LUZ HERMOSA, as administratrix of the Intestate Estate of Fernando Hermosa, R., and FERNANDO HERMOSA, JR., Petitioners, v. EPIFANIO M. LONGARA, Respondent.

Manuel O. Chan, for Petitioners.

Jacinto R. Bohol for Respondents.


SYLLABUS


1. OBLIGATIONS AND CONTRACTS; CONDITIONAL OBLIGATIONS; A CONDITION THAT DOES NOT DEPEND UPON THE EXCLUSIVE WILL OF THE DEBTOR; SUSPENSIVE CONDITIONS. — The condition of the obligation was that payment was to be made "as soon as he (obligor) receives funds derived from the sale of his property in Spain." The will to sell on the part of the debtor (intestate) was present in fact, or presumed legally to exist, although the price and other conditions thereof were still within his discretion and final approval. But in addition to this acceptability of the sale to him (obligor), there were still other conditions that had to concur to effect the sale, mainly that of the presence of a buyer, ready, able and willing to purchase the property under the conditions demanded by the vendor. Without such a buyer the sale could not be carried out or the proceeds thereof sent to the islands. Held: The condition does not depend exclusively upon the will of the debtor, but also upon other circumstances beyond his power or control. If the condition were "if he decides to sell his house," or "if he likes to pay the sums advanced," or any other condition of similar import implying that upon him (the debtor) alone payment would depend, the condition would be potestativa, dependent upon his will or discretion.
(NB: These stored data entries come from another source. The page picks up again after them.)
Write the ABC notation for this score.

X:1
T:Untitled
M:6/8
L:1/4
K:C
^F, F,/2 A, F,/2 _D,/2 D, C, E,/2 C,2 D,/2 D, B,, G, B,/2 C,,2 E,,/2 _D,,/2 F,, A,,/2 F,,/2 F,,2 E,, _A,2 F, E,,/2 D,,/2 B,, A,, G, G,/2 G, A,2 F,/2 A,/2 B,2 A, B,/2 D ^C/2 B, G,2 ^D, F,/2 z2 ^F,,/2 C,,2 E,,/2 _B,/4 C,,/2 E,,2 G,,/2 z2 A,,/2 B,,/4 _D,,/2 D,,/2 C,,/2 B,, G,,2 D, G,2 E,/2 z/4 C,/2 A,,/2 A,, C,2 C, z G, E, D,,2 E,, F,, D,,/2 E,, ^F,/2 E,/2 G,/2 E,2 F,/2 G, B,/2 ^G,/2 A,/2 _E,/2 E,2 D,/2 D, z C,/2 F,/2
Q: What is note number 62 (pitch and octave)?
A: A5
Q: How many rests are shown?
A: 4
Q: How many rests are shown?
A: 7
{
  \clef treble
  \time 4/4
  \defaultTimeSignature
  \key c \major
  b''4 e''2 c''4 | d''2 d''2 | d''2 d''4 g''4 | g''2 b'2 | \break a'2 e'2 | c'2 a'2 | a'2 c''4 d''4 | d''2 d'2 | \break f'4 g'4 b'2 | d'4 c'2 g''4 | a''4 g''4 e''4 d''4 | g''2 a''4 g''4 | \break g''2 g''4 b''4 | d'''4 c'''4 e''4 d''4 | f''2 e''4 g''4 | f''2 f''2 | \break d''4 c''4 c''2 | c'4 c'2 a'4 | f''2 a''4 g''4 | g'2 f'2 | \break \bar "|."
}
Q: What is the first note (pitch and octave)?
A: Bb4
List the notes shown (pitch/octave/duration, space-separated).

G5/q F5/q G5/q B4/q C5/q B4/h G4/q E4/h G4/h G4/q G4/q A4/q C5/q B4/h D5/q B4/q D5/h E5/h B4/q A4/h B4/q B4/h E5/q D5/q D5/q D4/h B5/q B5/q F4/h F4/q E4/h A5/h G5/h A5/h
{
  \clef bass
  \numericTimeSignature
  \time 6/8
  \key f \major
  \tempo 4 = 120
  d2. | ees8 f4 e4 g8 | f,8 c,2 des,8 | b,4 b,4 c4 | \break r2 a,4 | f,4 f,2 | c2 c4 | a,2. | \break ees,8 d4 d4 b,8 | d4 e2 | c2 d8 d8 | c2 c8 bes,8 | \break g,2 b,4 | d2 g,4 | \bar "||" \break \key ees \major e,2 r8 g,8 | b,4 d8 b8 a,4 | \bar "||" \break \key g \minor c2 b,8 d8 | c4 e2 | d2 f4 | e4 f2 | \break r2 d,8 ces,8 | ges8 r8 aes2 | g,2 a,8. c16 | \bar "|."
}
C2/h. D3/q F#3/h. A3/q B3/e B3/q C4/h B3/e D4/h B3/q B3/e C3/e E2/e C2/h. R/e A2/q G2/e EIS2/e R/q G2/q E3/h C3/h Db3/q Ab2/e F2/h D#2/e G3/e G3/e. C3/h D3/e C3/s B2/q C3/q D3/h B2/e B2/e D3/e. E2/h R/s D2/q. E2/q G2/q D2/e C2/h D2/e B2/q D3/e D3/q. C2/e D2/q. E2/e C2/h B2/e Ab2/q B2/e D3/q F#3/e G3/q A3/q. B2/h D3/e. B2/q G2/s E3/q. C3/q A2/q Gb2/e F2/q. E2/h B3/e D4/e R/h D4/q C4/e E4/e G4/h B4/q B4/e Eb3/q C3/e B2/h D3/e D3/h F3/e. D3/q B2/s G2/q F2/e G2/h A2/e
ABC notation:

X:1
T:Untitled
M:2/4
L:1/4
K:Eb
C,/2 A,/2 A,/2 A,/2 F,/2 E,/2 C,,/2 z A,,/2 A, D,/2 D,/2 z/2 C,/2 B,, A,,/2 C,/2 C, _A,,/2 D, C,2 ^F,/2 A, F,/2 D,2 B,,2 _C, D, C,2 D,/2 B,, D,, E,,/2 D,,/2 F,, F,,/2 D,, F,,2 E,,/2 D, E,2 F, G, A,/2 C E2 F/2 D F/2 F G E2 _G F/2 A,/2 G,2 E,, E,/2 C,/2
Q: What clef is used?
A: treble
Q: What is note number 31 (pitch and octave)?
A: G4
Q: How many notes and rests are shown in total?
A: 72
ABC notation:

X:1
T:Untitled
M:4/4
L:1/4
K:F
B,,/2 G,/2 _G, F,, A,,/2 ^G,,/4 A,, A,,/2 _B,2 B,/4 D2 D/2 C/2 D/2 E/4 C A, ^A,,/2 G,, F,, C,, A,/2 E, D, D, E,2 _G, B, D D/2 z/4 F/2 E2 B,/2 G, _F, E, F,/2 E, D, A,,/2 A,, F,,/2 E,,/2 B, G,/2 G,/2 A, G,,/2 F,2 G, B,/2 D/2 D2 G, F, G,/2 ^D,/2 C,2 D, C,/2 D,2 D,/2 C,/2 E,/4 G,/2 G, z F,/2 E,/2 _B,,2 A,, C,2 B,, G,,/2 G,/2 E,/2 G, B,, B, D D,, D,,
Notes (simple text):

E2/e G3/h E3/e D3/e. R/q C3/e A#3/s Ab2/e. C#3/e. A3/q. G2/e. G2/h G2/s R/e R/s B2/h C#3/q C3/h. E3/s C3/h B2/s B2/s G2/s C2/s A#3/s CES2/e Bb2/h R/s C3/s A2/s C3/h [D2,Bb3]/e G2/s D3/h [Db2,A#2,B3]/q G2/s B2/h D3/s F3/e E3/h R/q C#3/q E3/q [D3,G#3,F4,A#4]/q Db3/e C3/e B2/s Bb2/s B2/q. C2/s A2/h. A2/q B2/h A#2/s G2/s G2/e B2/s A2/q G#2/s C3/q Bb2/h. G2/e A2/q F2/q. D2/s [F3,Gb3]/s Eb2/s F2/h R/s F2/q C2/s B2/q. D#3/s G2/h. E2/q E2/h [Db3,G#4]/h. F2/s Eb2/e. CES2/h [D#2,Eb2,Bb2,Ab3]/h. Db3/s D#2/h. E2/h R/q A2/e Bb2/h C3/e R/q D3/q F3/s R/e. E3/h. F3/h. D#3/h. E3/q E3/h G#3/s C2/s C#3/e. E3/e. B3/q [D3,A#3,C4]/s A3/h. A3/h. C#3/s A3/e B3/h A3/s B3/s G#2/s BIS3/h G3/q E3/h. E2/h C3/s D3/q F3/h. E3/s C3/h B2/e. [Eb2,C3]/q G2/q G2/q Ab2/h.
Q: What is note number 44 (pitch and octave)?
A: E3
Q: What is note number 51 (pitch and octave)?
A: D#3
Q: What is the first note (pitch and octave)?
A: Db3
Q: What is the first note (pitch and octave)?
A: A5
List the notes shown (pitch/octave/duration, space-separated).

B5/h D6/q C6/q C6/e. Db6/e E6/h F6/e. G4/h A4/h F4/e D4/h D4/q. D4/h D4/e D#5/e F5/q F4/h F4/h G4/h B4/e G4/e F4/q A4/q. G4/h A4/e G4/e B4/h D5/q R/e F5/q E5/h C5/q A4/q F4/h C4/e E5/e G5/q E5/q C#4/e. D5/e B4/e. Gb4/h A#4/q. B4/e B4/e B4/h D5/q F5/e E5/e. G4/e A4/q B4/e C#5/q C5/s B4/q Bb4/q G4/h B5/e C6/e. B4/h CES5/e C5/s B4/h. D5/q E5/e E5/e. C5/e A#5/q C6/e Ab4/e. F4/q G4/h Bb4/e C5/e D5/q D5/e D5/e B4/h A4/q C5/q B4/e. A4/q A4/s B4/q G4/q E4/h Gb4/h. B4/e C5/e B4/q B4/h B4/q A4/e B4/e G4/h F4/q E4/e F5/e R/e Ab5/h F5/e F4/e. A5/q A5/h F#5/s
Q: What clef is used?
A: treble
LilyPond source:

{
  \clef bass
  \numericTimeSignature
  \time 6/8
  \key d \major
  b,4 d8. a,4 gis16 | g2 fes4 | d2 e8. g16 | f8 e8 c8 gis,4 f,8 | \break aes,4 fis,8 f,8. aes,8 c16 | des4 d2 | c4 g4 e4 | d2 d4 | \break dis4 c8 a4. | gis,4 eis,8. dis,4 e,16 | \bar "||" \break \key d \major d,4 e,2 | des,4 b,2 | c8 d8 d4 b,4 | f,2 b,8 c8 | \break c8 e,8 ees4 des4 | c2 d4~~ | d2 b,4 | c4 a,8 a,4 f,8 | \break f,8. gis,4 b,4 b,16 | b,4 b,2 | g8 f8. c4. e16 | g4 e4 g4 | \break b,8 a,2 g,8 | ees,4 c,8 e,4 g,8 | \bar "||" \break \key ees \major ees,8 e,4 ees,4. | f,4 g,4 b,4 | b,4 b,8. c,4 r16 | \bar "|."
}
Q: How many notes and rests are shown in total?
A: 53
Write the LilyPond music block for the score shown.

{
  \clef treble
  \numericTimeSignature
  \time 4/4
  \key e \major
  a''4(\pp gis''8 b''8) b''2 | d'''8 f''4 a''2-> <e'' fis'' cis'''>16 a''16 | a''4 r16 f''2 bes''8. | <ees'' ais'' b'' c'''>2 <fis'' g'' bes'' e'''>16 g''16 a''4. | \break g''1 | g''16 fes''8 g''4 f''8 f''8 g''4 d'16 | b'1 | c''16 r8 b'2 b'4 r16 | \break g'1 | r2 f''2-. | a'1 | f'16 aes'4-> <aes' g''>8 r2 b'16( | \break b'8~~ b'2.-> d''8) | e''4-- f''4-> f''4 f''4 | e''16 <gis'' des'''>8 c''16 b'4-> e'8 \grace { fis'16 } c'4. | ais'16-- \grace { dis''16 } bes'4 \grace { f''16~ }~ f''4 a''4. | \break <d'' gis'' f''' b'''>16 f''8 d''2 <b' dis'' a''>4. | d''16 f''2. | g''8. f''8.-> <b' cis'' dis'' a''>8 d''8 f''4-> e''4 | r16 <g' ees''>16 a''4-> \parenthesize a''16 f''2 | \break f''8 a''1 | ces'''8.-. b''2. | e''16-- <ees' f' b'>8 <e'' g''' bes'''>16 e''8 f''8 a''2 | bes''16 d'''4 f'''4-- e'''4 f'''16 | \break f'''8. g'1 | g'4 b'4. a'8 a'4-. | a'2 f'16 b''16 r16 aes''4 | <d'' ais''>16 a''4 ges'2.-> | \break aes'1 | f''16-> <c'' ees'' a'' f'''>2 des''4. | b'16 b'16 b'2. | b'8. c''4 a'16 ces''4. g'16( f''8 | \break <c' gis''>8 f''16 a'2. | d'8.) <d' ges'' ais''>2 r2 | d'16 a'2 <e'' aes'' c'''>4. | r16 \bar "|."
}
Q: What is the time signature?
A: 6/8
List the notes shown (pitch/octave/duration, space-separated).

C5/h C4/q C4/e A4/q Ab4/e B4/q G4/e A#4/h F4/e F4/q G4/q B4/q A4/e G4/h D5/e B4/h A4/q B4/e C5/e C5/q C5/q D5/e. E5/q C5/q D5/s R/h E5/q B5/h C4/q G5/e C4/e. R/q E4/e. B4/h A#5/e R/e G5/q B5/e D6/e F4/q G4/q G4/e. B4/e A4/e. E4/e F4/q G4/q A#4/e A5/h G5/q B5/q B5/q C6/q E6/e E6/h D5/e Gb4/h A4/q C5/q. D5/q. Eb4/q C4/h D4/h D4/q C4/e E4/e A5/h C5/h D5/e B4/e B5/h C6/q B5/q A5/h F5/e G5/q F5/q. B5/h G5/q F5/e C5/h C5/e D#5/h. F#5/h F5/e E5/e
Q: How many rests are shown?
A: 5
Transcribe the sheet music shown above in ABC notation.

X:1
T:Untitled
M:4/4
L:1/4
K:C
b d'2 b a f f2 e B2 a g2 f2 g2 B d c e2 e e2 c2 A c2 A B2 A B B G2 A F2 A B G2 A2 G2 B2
The condition, as stated above, implies that the obligor had already decided to sell his house, or at least that he had made his creditors believe that he had done so, and that all that was needed to make his obligation (to pay his indebtedness) demandable is that the sale be consummated and the price thereof remitted to the islands. The condition of the obligation was not a purely potestative one, depending exclusively upon the will of the obligor, but a mixed one, depending partly upon chance, i. e., the presence of a buyer of the property for the price and under the conditions desired by the obligor. The obligation is clearly governed by the second sentence of article 1115 of the old Civil Code (8 Manresa, 126). The condition is, besides, a suspensive condition, upon the happening of which the obligation to pay is made dependent. And upon the happening of the condition, the debt became immediately due and demandable. (Article 1114, old Civil Code; 8 Manresa, 119.)

2. ID., EVIDENCE, PRESUMPTION OR INFERENCE FROM PRESERVATION AND POSSESSION OF EVIDENCE OF INDEBTEDNESS. — The sale was not affected in the lifetime of the debter (the intestate), but after his death and by his administrator, the very wife of the claimant. There was no evidence to show that the claim was the product of a collusion or connivance between the administratrix and the claimant. The receipts of the advances were preserved. Held: That there was really a promise made by the intestate to pay for the credit advances, may be implied from the fact that the receipts thereof had been preserved; had the advances been made without intention of demanding their payment later, said receipts would not have been preserved. Regularity of the advances and the close relationship between the intestate and the claimant also support this contention.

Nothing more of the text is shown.